Конечно, сегодняшние китайские студенты совсем не похожи на тех, кто впервые стал учиться за рубежом после Культурной революции, когда некоторые студенты смотрели на Запад в поисках новых идей правления, способных вывести Китай из хаоса последних лет Мао. Сегодня китайские студенты — выходцы из гордо встающей во весь рост нации, которые прекрасно сознают ее экономическое и дипломатическое влияние. Большинство из них настроены патриотически и, вероятно, рассматривают западное образование как прекрасный фундамент для своей карьеры, а не как воздействие идеалов демократии. И все же маловероятно, чтобы по возвращении в Китай они приняли кредо одного немецкого философа середины XIX века, основанное на анализе раннеиндустриальной Британии. Может быть, Китай Си Цзиньпина и провозглашает марксизм своей объединяющей идеологией, но это лишь декорация. Его место в конце концов займет мысль Генерального секретаря Си, как при Председателе это было с маоизмом.
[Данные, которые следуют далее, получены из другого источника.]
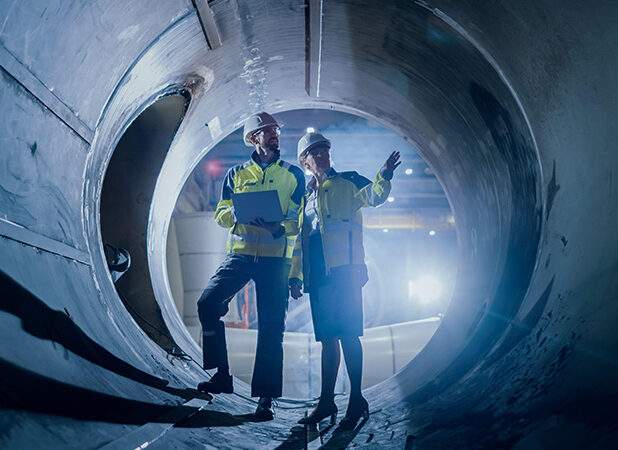 two people in safety gear in a factory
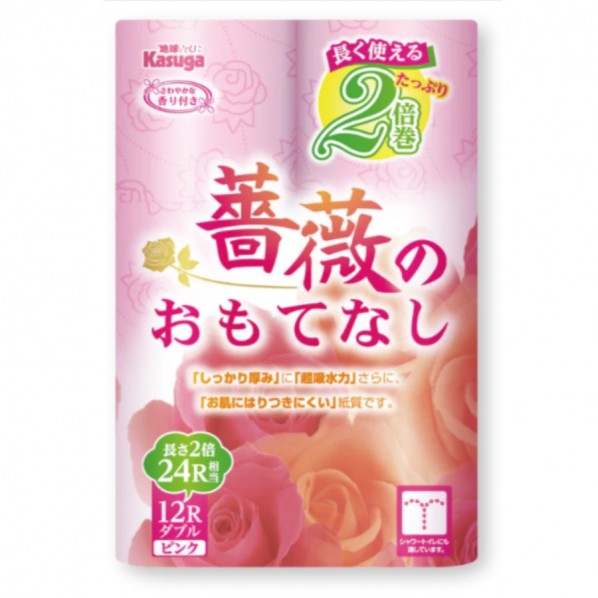 薔薇のおもてなし･ピンク 2倍巻 25m 12ロール×8パック ダブル ピンク 8パック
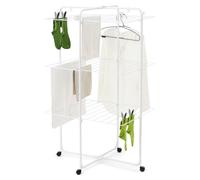 Brabantia HangOn Tower Drying Rack, 23m (White), Tall Foldable Clothes Rack, Space-Saving Laundry Drying Stand with Wheels and Hooks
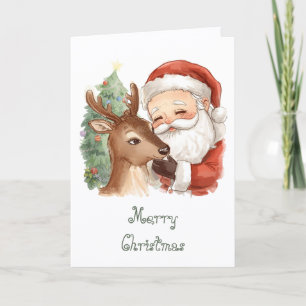 Santa Claus with reindeer & whimsical Christmas Card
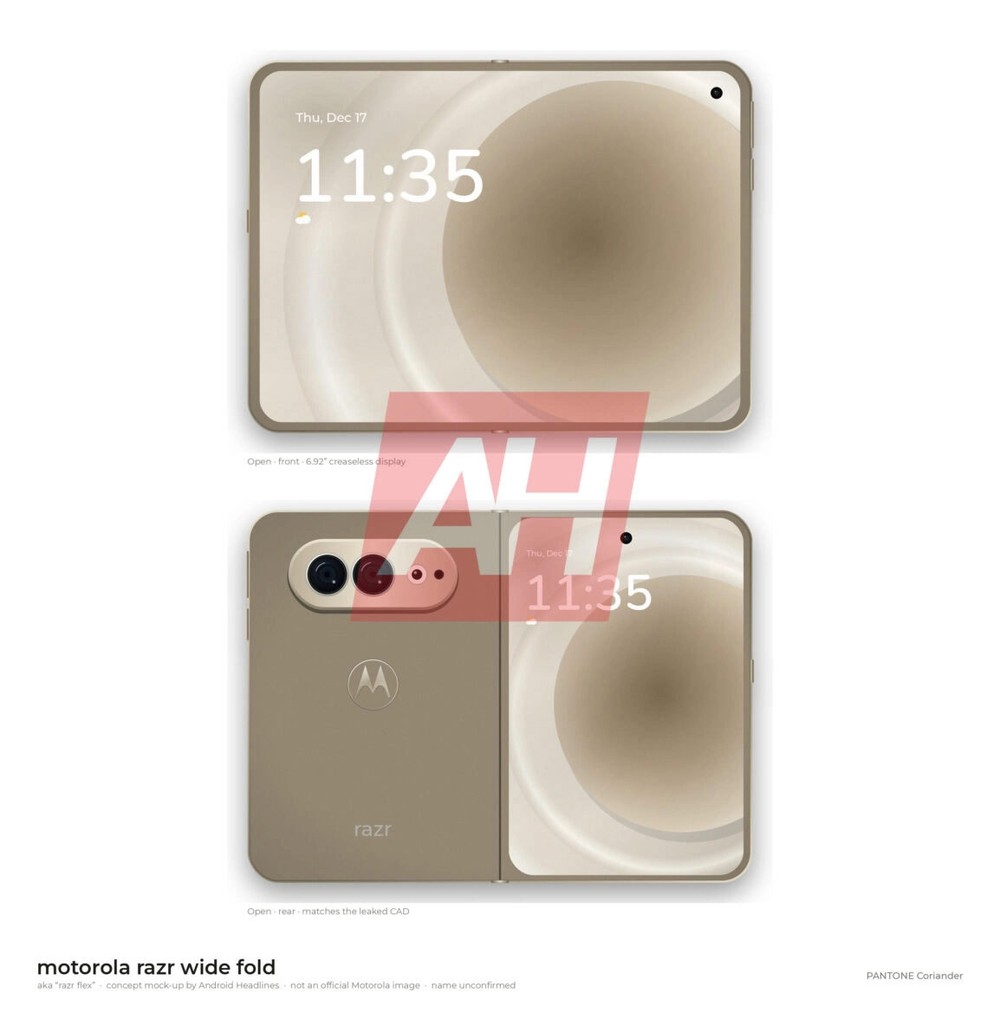 Modelo deve ser menor do que o iPhone Duo e o Galaxy Z Fold 8 — Foto: Reprodução/Android Headlines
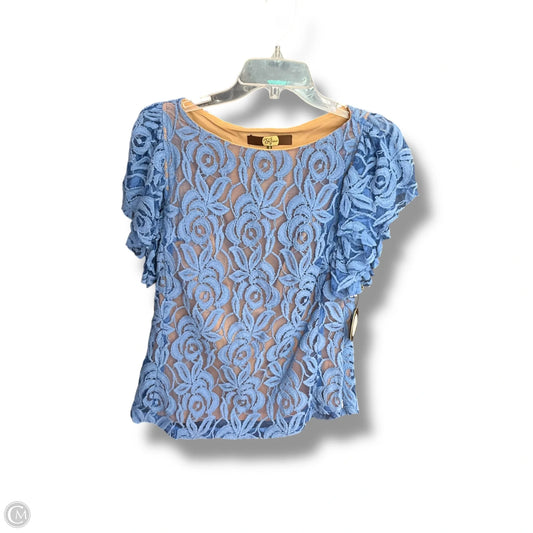 Top Short Sleeve By Eva Franco In Blue & Tan, Size: M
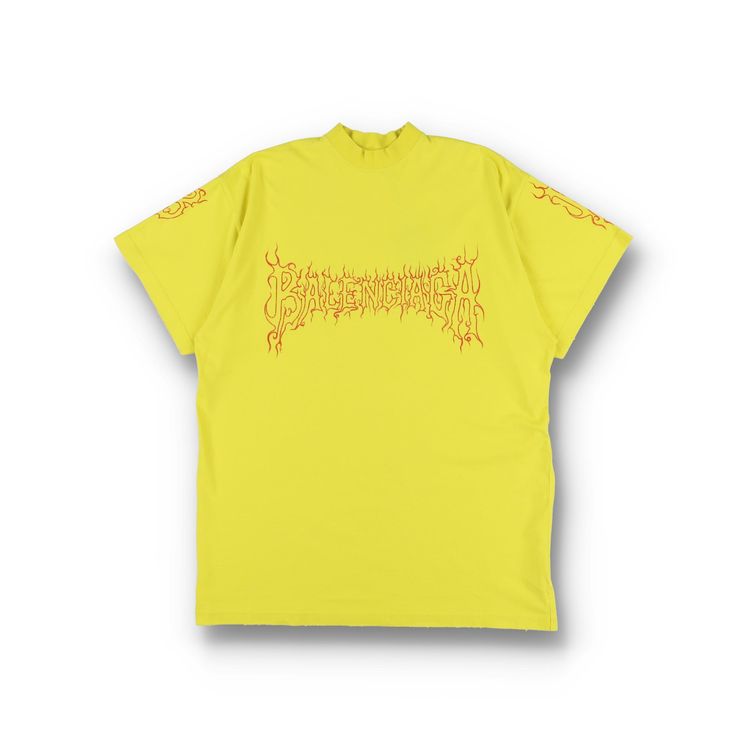 Balenciaga Yellow Distressed Darkwave Logo Oversized T-Shirt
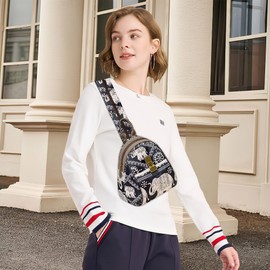 DEEVORCA Fashion Women Backpack Shoulder Bags Casual Anti-Theft Chest Bag Work Travel Shopping Small Dayback Crossbody Nylon Waterproof Printed Women's Backpack Handbag Blue B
Последним элементом маоистского государства была Народно-освободительная армия (НОА). Мао всегда заботился о том, чтобы его поддерживало большинство полководцев, особенно когда столкнулся с такими героями революции, как маршалы Пэн Дэхуай и Линь Бяо. Си Цзиньпин, очевидно, не может претендовать на революционные лавры Мао, а потому ему нужны более явные средства указать на поддержку НОА. Ранее в своем правлении он убедил восемнадцать генералов написать короткие статьи в «Жэньминь жибао» с заверениями в лояльности. Затем он принял новое военное звание: Главнокомандующий объединенного штаба Центрального военного совета. По случаю объявления этого титула Си появился в военной форме, намекая, что, в отличие от любого из своих предшественников, он будет командующим на поле боя, если возникнет такая необходимость. Но будут ли готовы полководцы НОА спасать Си в случае политического кризиса, как спасали Мао во время Культурной революции и Дэна Сяопина на Тяньаньмэнь, — пока неизвестно.
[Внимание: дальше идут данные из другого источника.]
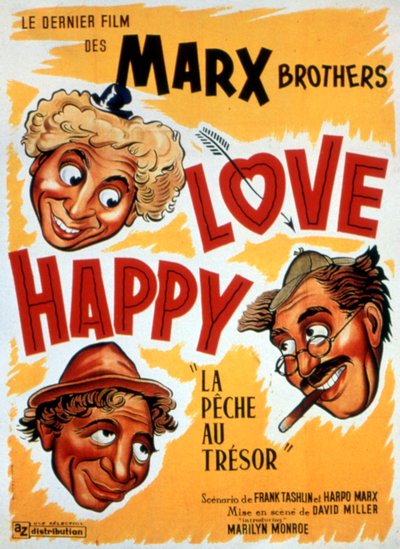 Cartel de la película La pesca del tesoro, LOVE HAPPY, de David Miller con los Hermanos Marx 1949 de Unbekannt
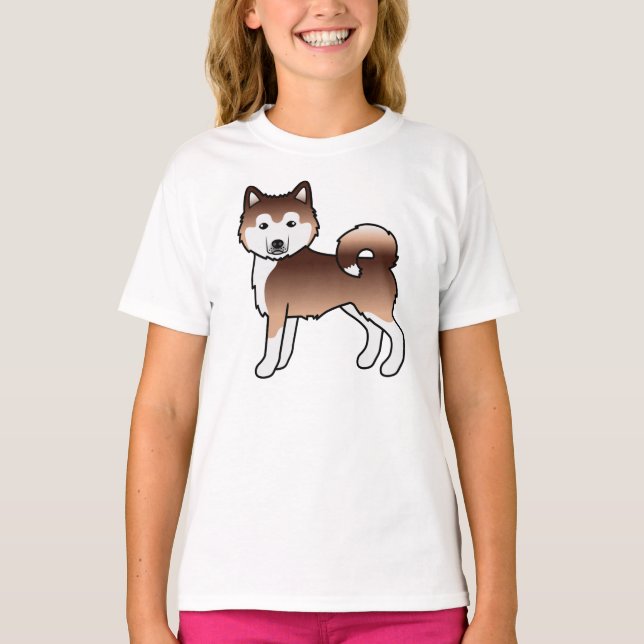 Camiseta Malamute de Alaska Rojo Perro de Dibujos Animados  (Anverso)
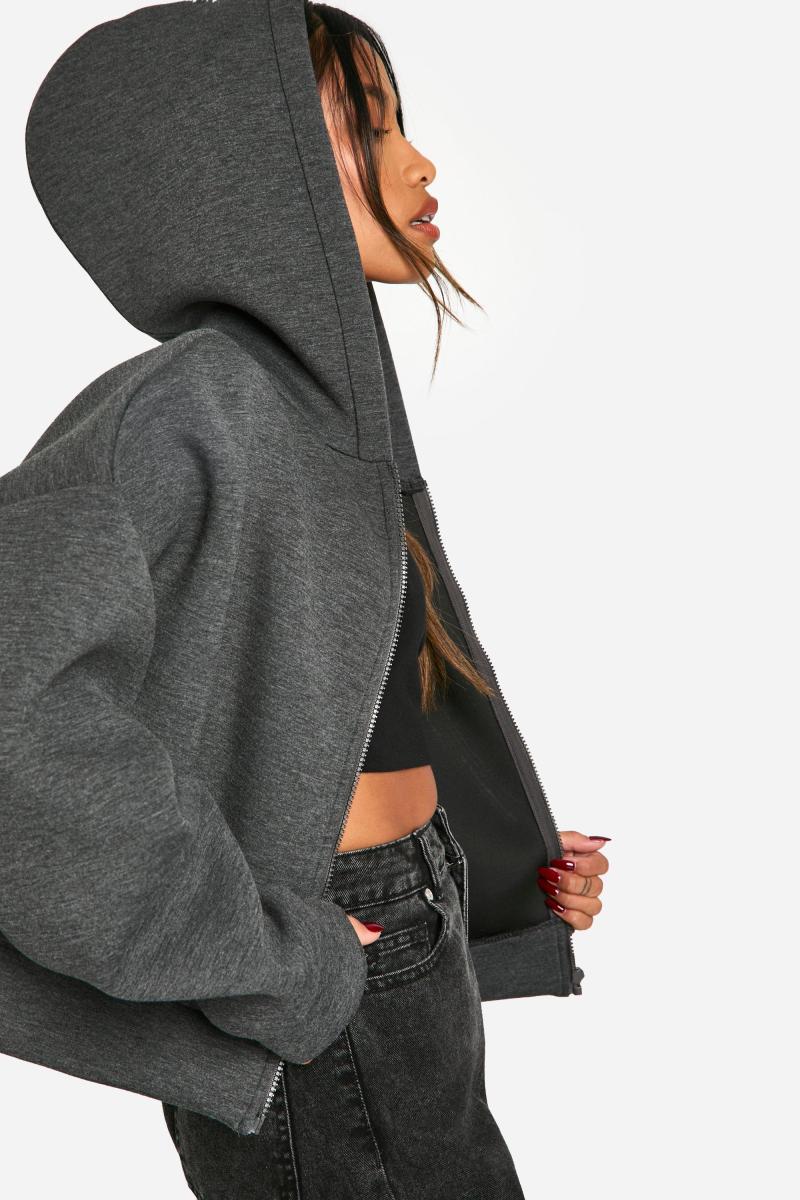 Scuba Boxy Crop Zip через балахон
Си Цзиньпин отправил Китай назад в будущее с удивительной скоростью. Восстанавливаются маоистские институты и ценности, хотя в некотором отношении политика Си обозначает четкий разрыв с маоизмом. Хотя Председатель сознательно дал китайской молодежи свободу вершить революцию, в Китае Си Цзиньпина не намерены терпеть самоуправство, даже в случае борьбы с коррупцией. Разоблачители имеют шансы оказаться в тюрьме. И все же Мао — центр притяжения режима Си, высшее оправдание его политики и роли в государстве и обществе. Так что портрет Председателя и дальше будет висеть на Тяньаньмэнь, а граждан продолжат сгонять в его мавзолей.
Мао до сих пор многое значит.
4. Что является причиной межэтнической напряженности в Китае?
Марк Эллиотт
Еще недавно для большинства образованных жителей Запада, в том числе и для многих ученых, было нормально считать, что Китай этнически однороден. А потому он отличается от других стран, стремящихся примирить ожидания современной националистической идеологии с реальностью управления населением, включающим в себя этнические и религиозные меньшинства, так как у него нет «этнической проблемы». И ее действительно не было, по той простой причине, что все были «китайцами».
Будем милосердны — для такого мнения имелись некоторые основания. При населении с подавляющим перевесом ханьского большинства — 91,51 % по переписи 2010 года (тут наблюдается некоторое снижение по сравнению с примерно 94 % в середине XX века) — и без единого не-ханьца в руководстве национального уровня, а также при том, что основная масса не-ханьских групп населения сосредоточена за пределами более известных восточных городов, — легко проигнорировать тот факт, что бок о бок с ханьским населением Китая живет весьма значительная группа так называемых «национальных меньшинств», на сегодняшний день состоящая приблизительно из 112 миллионов человек и поделенная государством на 55 разных категорий.
При любом раскладе, 112 миллионов — большое число: это почти население Японии, одиннадцатой по численности населения нации в мире. Тот факт, что занимаемая ими территория на сегодняшний день составляет более двух третей всей площади Китая и охватывает почти все сухопутные границы Китая (в том числе с Северной Кореей, Россией, Казахстаном, Пакистаном, Индией и еще девятью странами), еще яснее показывает, что сложный этнический профиль современного китайского государства — весьма нетривиальный аспект его становления. Пожалуй, он может даже считаться определяющим фактором. Официальная формулировка для этой ситуации с середины 1980-х годов гласит, что «Китай — единая мультиэтничная страна» — мантра, обыденно повторяемая в тысячах текстов об этнических вопросах каждый год.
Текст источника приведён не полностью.